Cash Flows from Financing Activities. Net cash provided by financing activities was $25.6 million and $52.6 million for the three months ended January 31, 2009 and 2008, respectively. Funds are primarily provided from bank borrowings and the issuance of common stock through dividend reinvestment and employee stock plans, net of purchases under the common stock repurchase program. We may sell common stock and long-term debt when market and other conditions favor such long-term financing. Funds are primarily used to pay down outstanding short-term borrowings, to repurchase common stock under the common stock repurchase program and to pay quarterly dividends on our common stock. As of January 31, 2009, our current assets were $828.5 million and our current liabilities were $836.6 million primarily due to seasonal requirements as discussed above.
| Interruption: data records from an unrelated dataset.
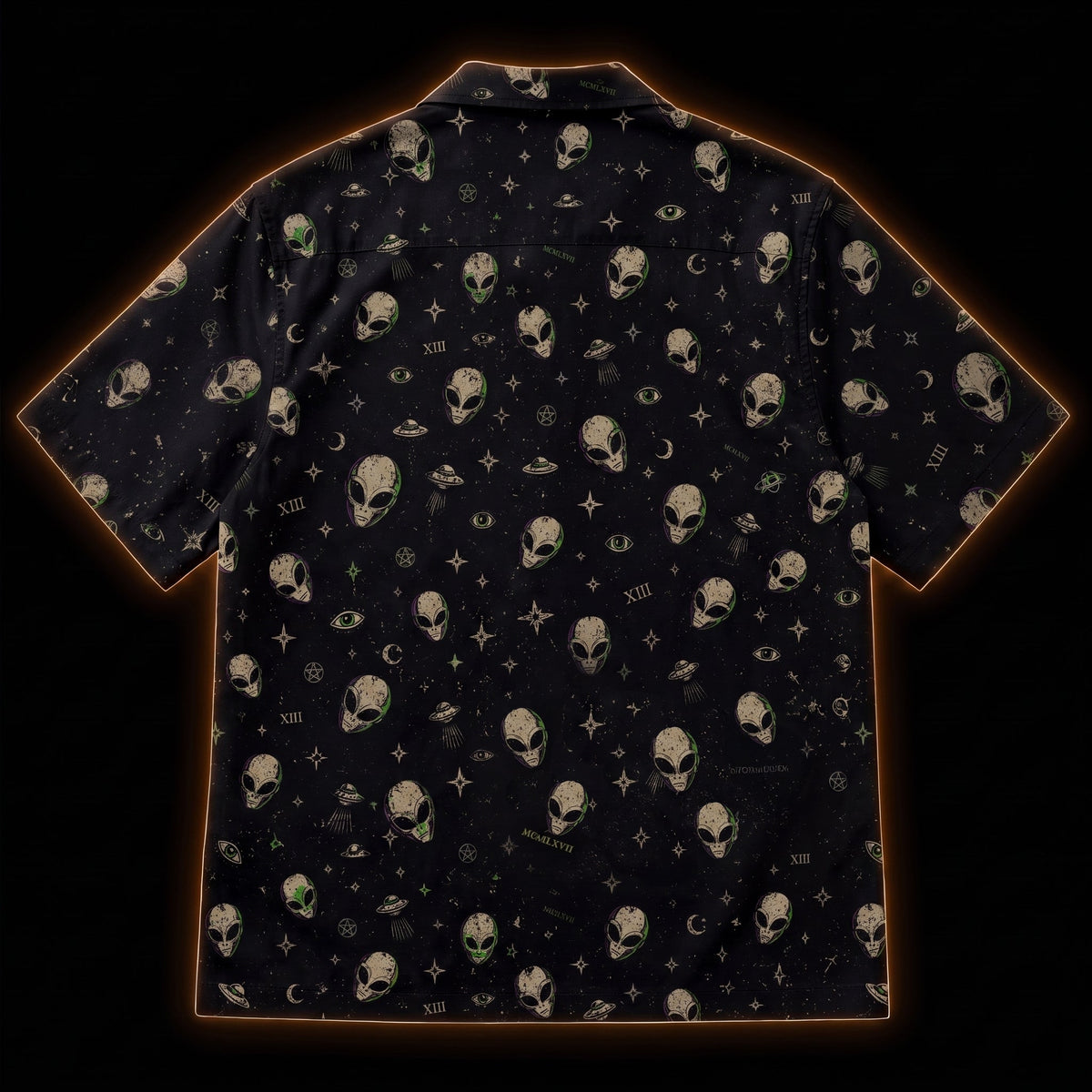 Cosmic Cryptid XIII — Alien Micro-Repeat Hawaiian Shirt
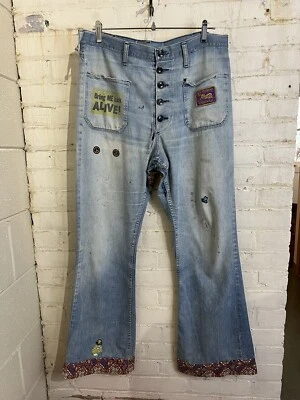 Vintage 70s bell bottoms wrangler 36x31 hippie woodstock thrashed patches repair - Image 1 of 4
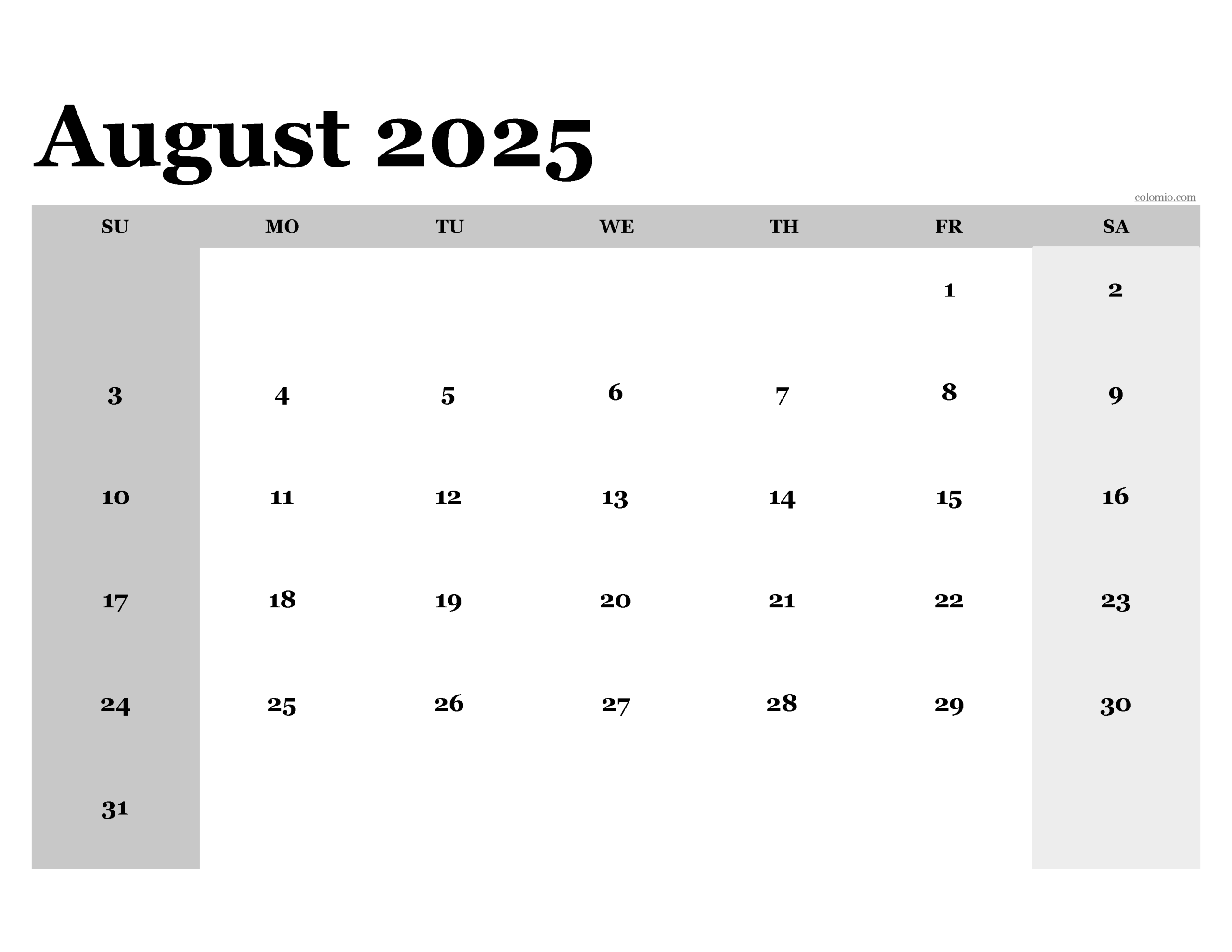 Calendar August 2025 To September 2025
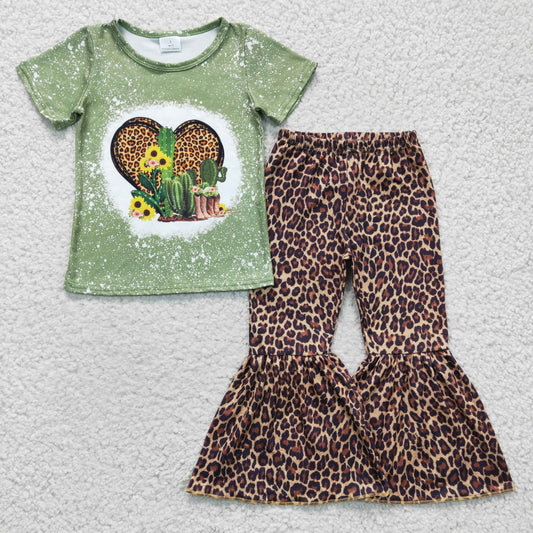 GSPO0323 sunflower western love leopard short sleeve girl outfit 2023811 RTS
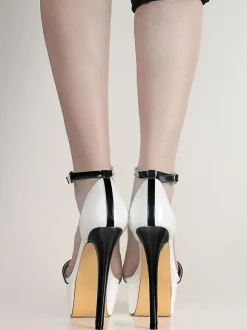 Chaussures Femmes 2026 Blanc Sexy Bout Ouvert Plateforme Talon Haut Sangle de Cheville Sandales Talon Haut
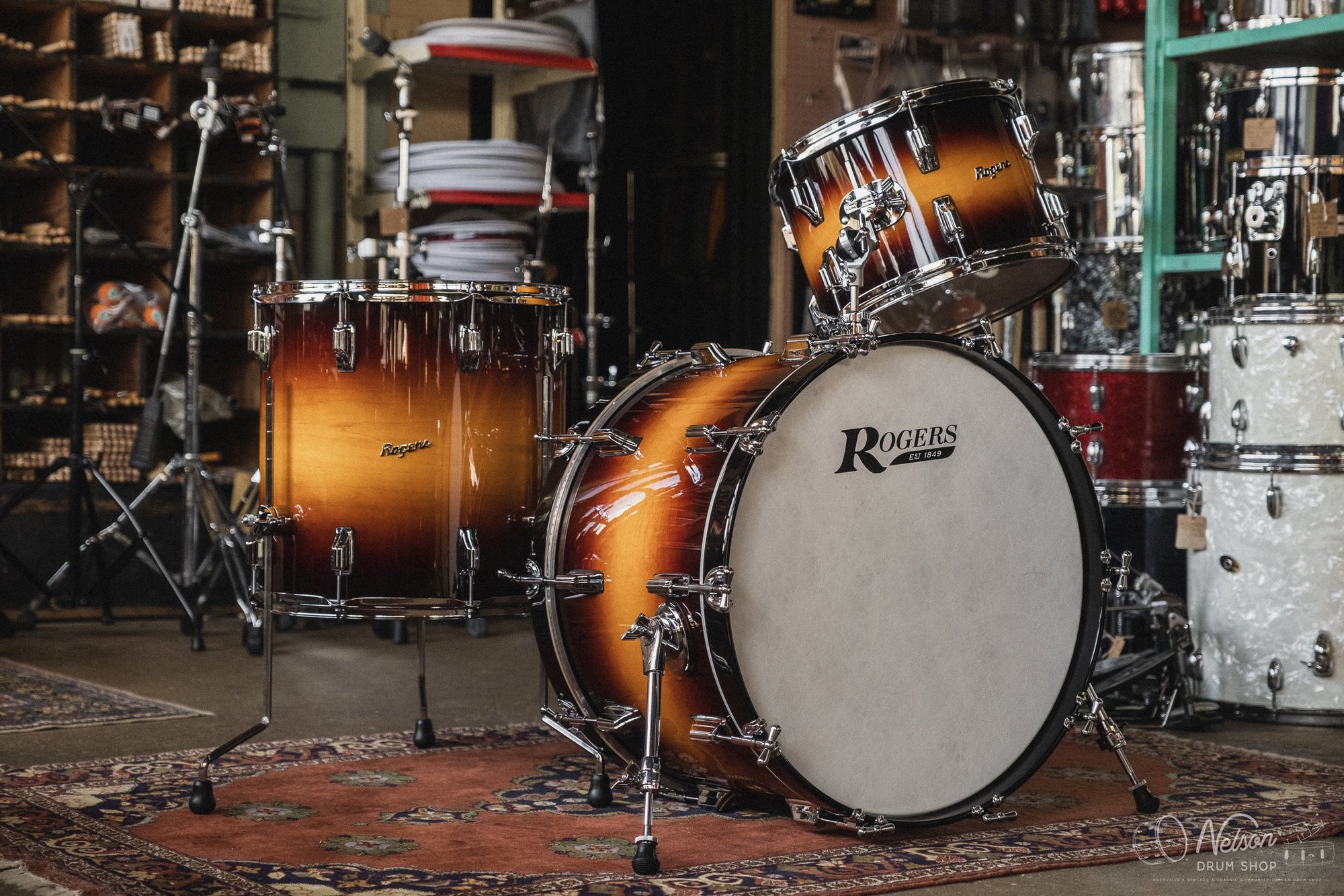 Rogers 'PowerTone' in Sunburst Lacquer - 14x22. 9x13, 16x16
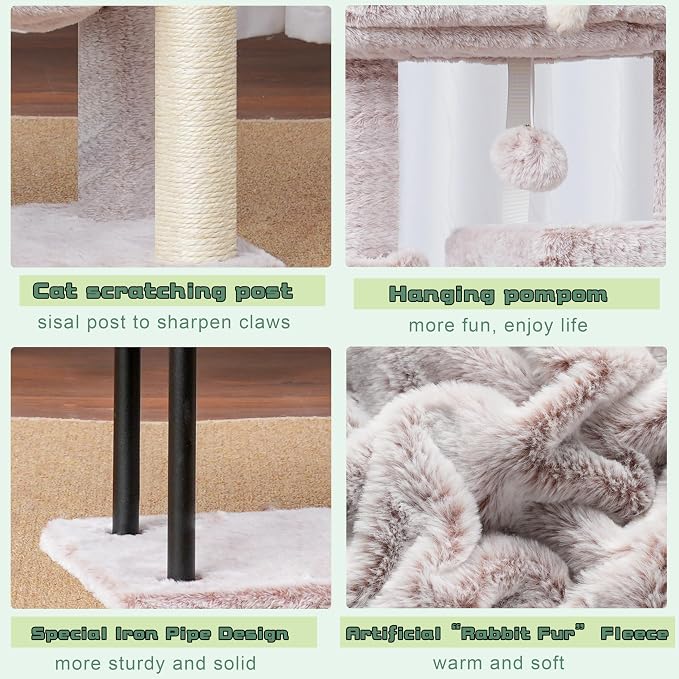 Cat Tree, 43.3'' Cat Tower with Hammock for Kittens GCT004SMU | Cat Condo House for Small Indoor Cats, Basket, Scratching Post, Large Platform, Sturdy Steel Tube, Sisal Rope, Mushroom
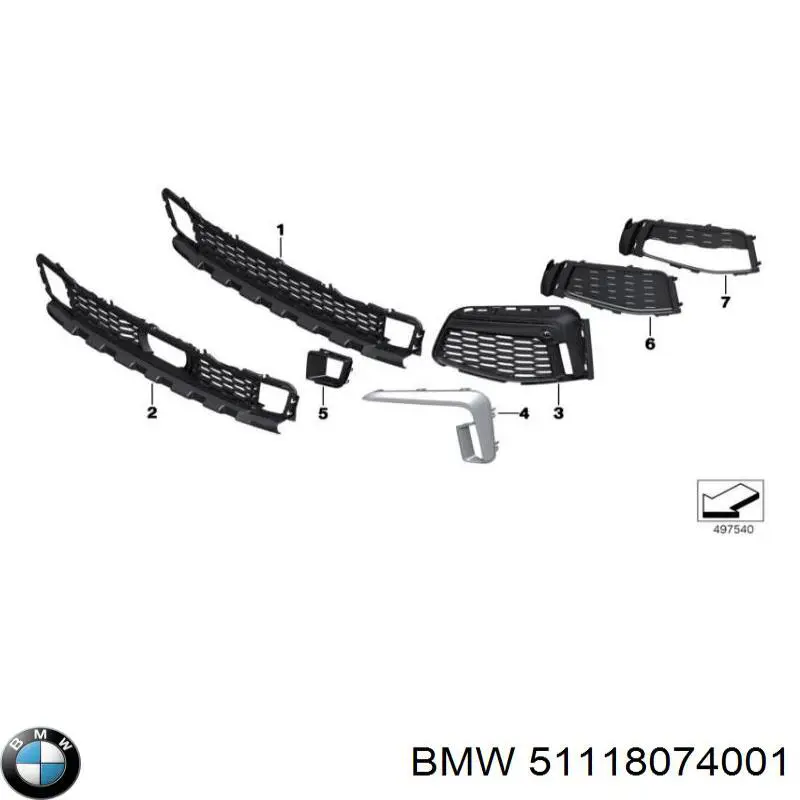 51118074001 BMW Grelha esquerda do pára-choque dianteiro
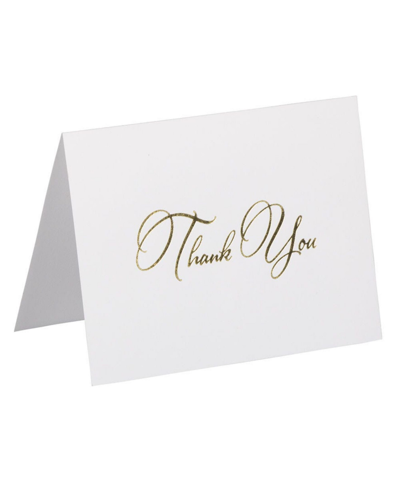 Shop Jam Paper Thank You Card Sets In Gold Script Cards Brown Kraft Envelopes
As of January 31, 2009, we had committed lines of credit under our syndicated credit facility of $450 million with the ability to expand up to $600 million, for which we pay an annual fee of $35,000 plus six basis points for any unused amount up to $450 million. We had a syndicated seasonal credit facility with aggregate commitments totaling $150 million. Outstanding short-term borrowings increased from $406.5 million as of October 31, 2008 to $448 million as of January 31, 2009 primarily due to our gas procurement programs. During the three months ended January 31, 2009, short-term borrowings ranged from $362 million to $556.5 million, and interest rates ranged from .58% to 2.84% (weighted average of 1.26%).
As of January 31, 2009, under our syndicated credit facility, we had available letters of credit of $5 million of which $2.4 million was issued and outstanding. The letters of credit are used to guarantee claims from self-insurance under our general liability policies. As of January 31, 2009, unused lines of credit available under our syndicated credit facility and the seasonal credit facility, including the issuance of the letters of credit, totaled $149.6 million.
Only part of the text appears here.